Each line below needs to be repeated precisely as it is.

- - -

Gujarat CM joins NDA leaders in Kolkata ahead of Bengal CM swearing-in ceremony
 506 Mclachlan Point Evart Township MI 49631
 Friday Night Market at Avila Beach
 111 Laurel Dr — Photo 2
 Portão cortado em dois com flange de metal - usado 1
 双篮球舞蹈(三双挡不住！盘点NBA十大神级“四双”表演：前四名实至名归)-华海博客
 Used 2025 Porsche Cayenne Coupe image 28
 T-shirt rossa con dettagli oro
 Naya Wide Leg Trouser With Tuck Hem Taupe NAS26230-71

- - -

RESPONSE:
Gujarat CM joins NDA leaders in Kolkata ahead of Bengal CM swearing-in ceremony
 506 Mclachlan Point Evart Township MI 49631
 Friday Night Market at Avila Beach
 111 Laurel Dr — Photo 2
 Portão cortado em dois com flange de metal - usado 1
 双篮球舞蹈(三双挡不住！盘点NBA十大神级“四双”表演：前四名实至名归)-华海博客
 Used 2025 Porsche Cayenne Coupe image 28
 T-shirt rossa con dettagli oro
 Naya Wide Leg Trouser With Tuck Hem Taupe NAS26230-71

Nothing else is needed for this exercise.